1. New tires in front (balanced,alignment and what not)
2. CV Halfshaft left/right
3. Wheel Bearings (all)
4. Steering Dampener
5. Suspension Bushing kit

Any idea's? Am I heading in the right direction?
Nope, you're headed in the wrong direction entirely.

Seems every time someone has a case of death wobble the instinctive feel the need to throw bucks of money at their rig. While a non-issue for some, many folks simply don't have the means to do that.

What's the right direction? Find the root cause of the problem.

New tires? No, not until the problem is resolved. I would move the good tires to the front while troubleshooting.

Start with the basics. With the engine off, have some one move the steering wheel back and forth quickly while you look at, listen to, and feel every moving part of the steering system. Here's a checklist for ya:
Track Bar (TB)
TB frame side bracket and mounting hardware
TB frame side TRE
TB side axle bushing and bolt.
TB axle side bolt hole (wallowed out?)
TB adjusting collar

Drag link (DL)
Dl TRE and castle nut at pitman arm
Tapered hole in pitman arm wallowed out from loose DL TRE?
DL TRE at steering knuckle

Tie Rod (TR) bent
TR TRE's at the DL and at the steering knuckle
TR adjusting collar

Ball Joints (BJ) & Unit Bearing Hub (UBH)
Jack up one tire just high enough to get a long pry bar/cheater bar under it.
While jacking the the heel up watch for obvious and gross changes in the camber of the wheel/tire.
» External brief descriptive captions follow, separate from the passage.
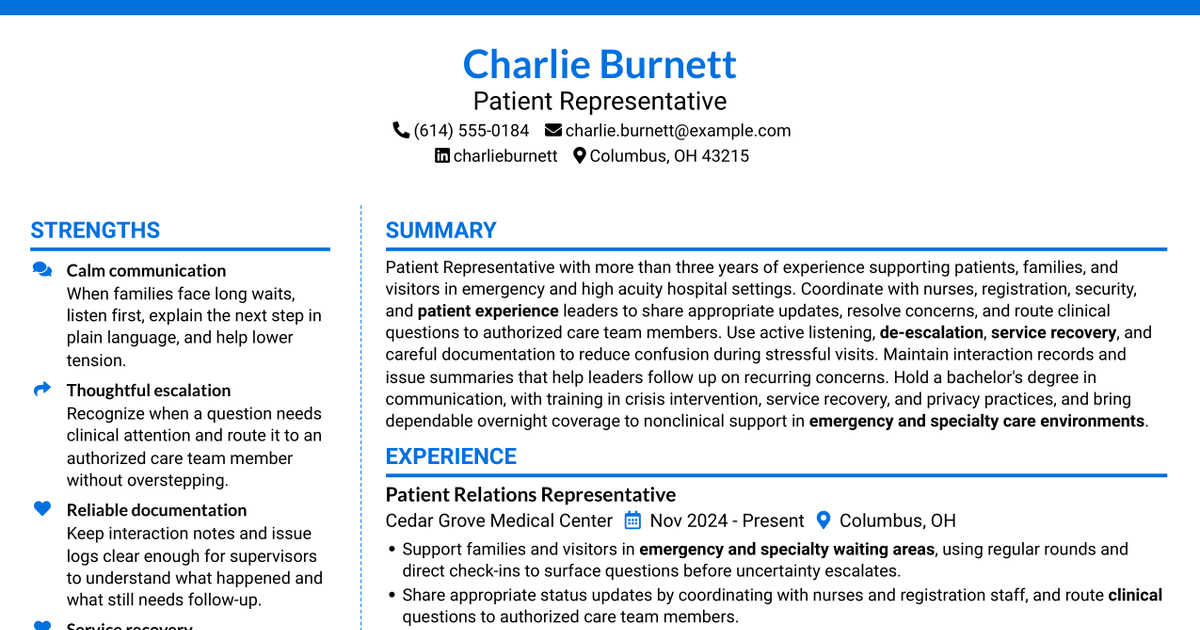 7 Patient Representative - Patient and Family Relations Resume Templates with Example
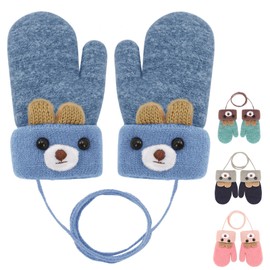 Becellen Baby Mittens, Warm Soft Toddler Knitted Gloves with Lanyard Cute Cartoon Pattern Design Mittens Baby Double Winter Gloves for 0-3 Years Boys Girls, blue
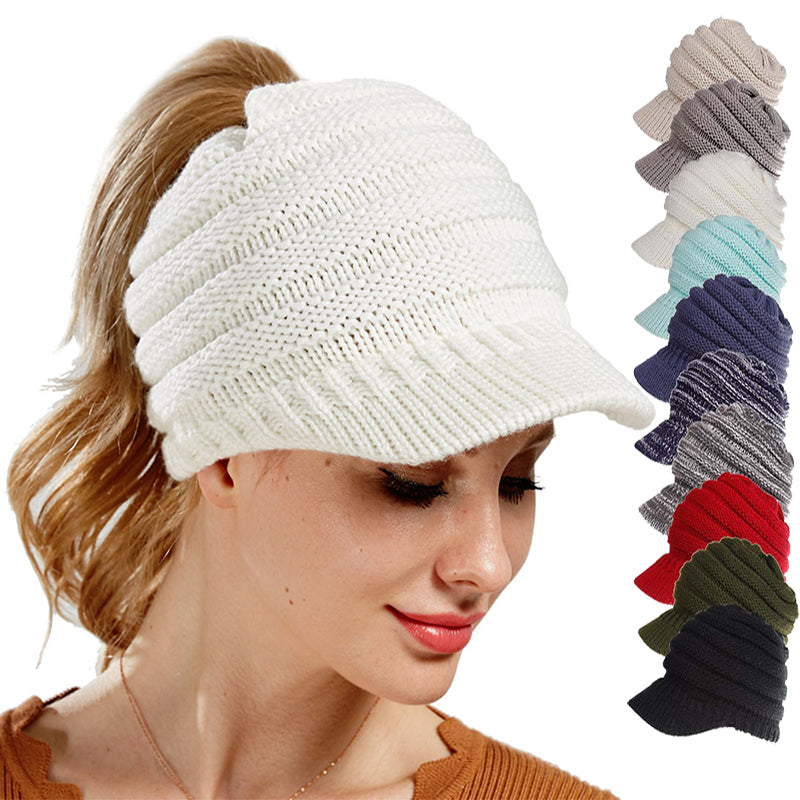 Women Ponytail Beanies Autumn Winter Hats - Soft Knitting Caps Warm Ladies Skullies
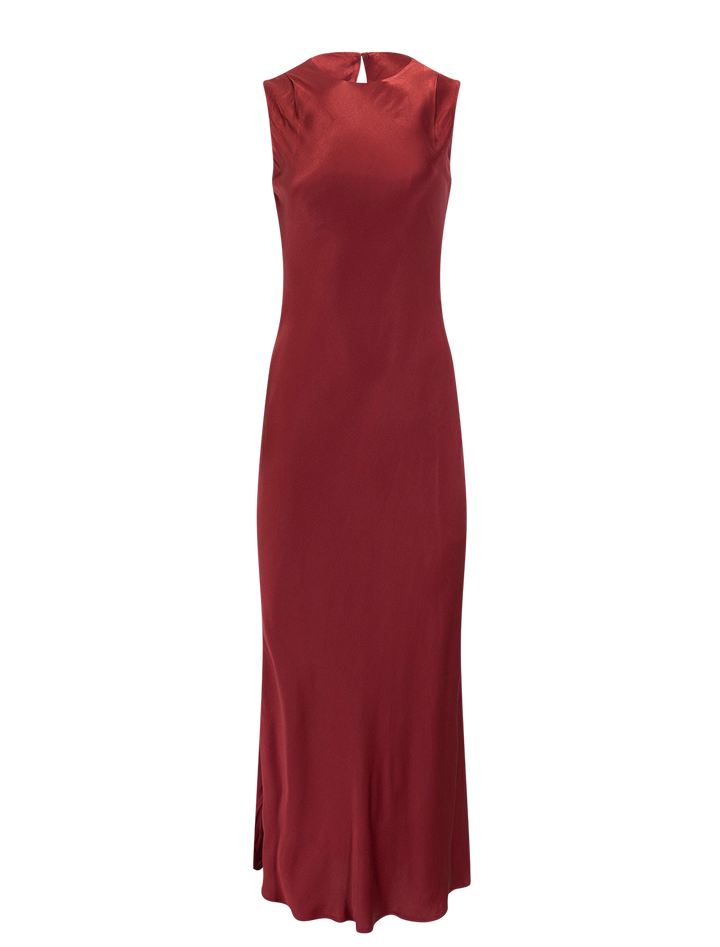 mira dress in crimson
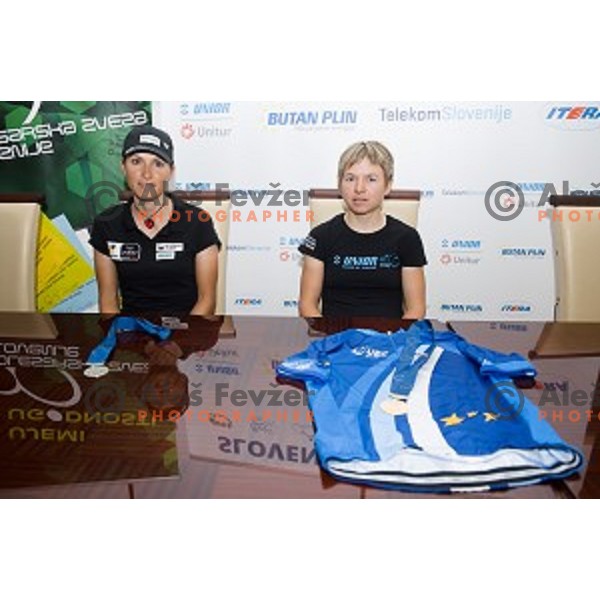 Blaza Klemencic, Tanja Zakelj at the press conference after winning the European championships, Ljubljana, Slovenia, 10.06.2014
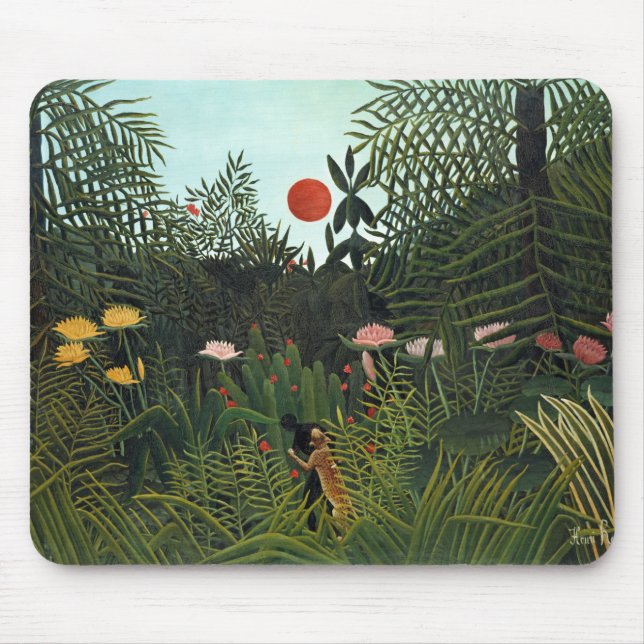 Henri Rousseau's Virgin Forest with Sunset (1910) Mouse Mat (Front)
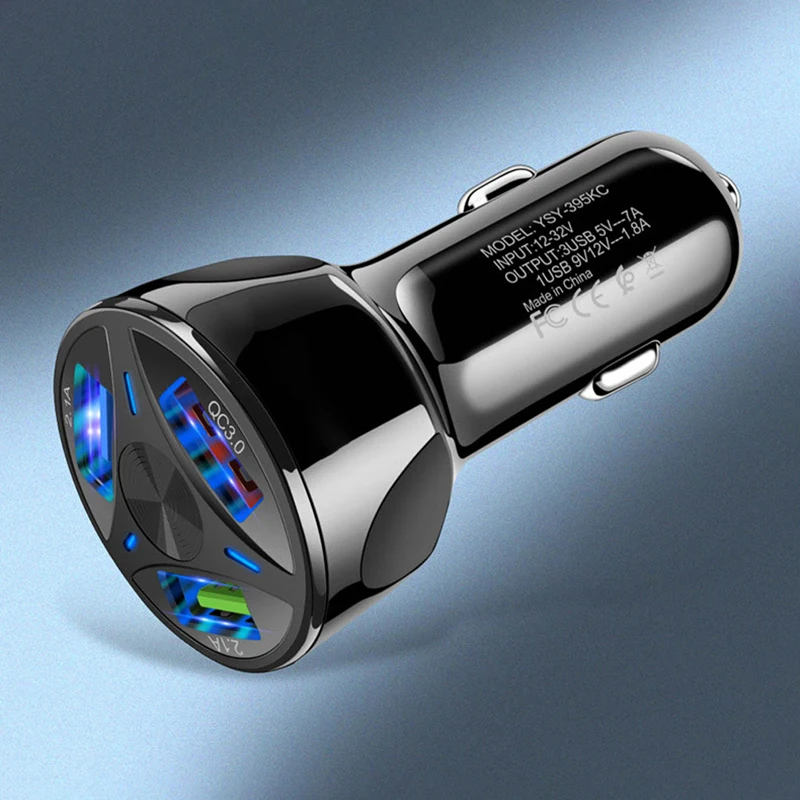 Зарядных порта USB для автомобиля Зарядное устройство быстрой зарядки QC3.0 Порты и разъёмы 12 V-32 V прикуриватель для смарт-чехол для мобильного телефона Аксессуары для автомобильного зарядного устройства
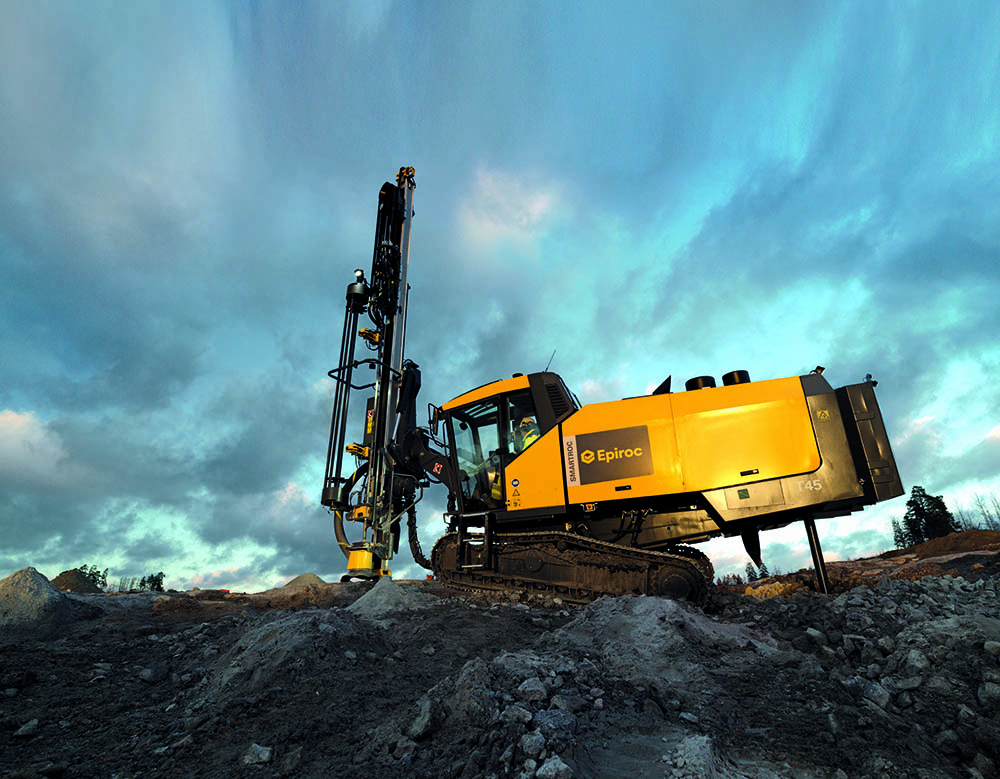Epiroc’s updated SmartROC T45 tophammer surface drill rig will be available soon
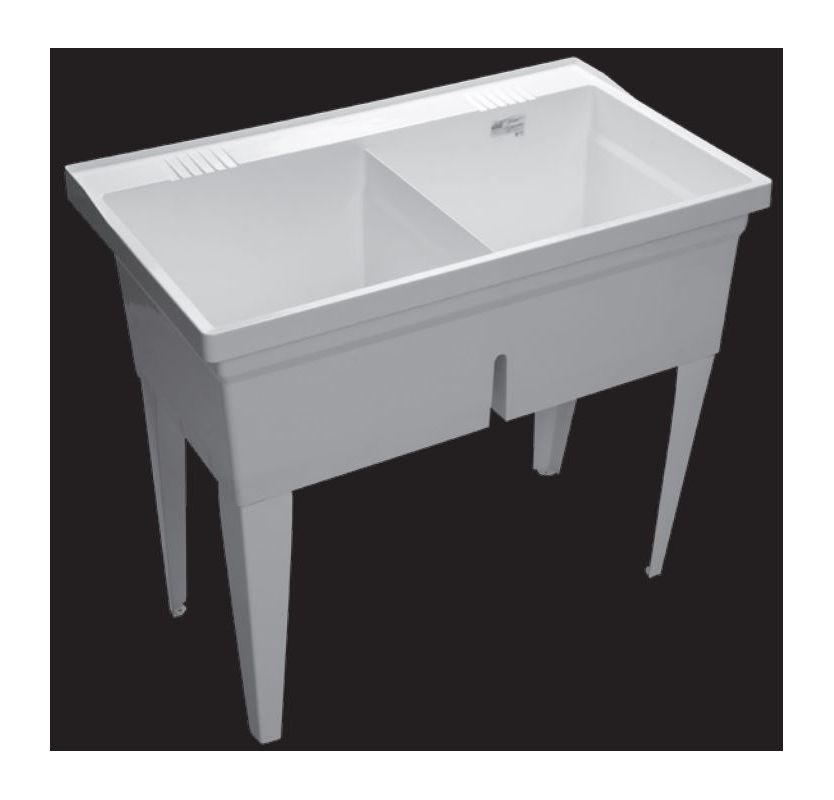 ProFlo PFLT4024 White 40" DoubleBasin Free Standing Laundry Sink with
This will indicate a bad BJ or UBH.
Have your assistant move the pry bar up and own quickly while you place your fingers on the BJ boots. Watch and feel for any pop or clicking noise.
Grab the tire at 3 and 9 o'clock and try to lift it straight up. movement indicates a bad BJ.
try lifting the tire from the bottom. Movement indicates a bad BJ or UBH.

Toe-in/out
Using a tape measure, check the toe. The easiest way to do this is by measuring the distance between the inner sidewalls at 3 and 9 o'clock. make sure to measure at the same points on the rear side as you do on the front side. Toe-in should be 1/8 to 1/16".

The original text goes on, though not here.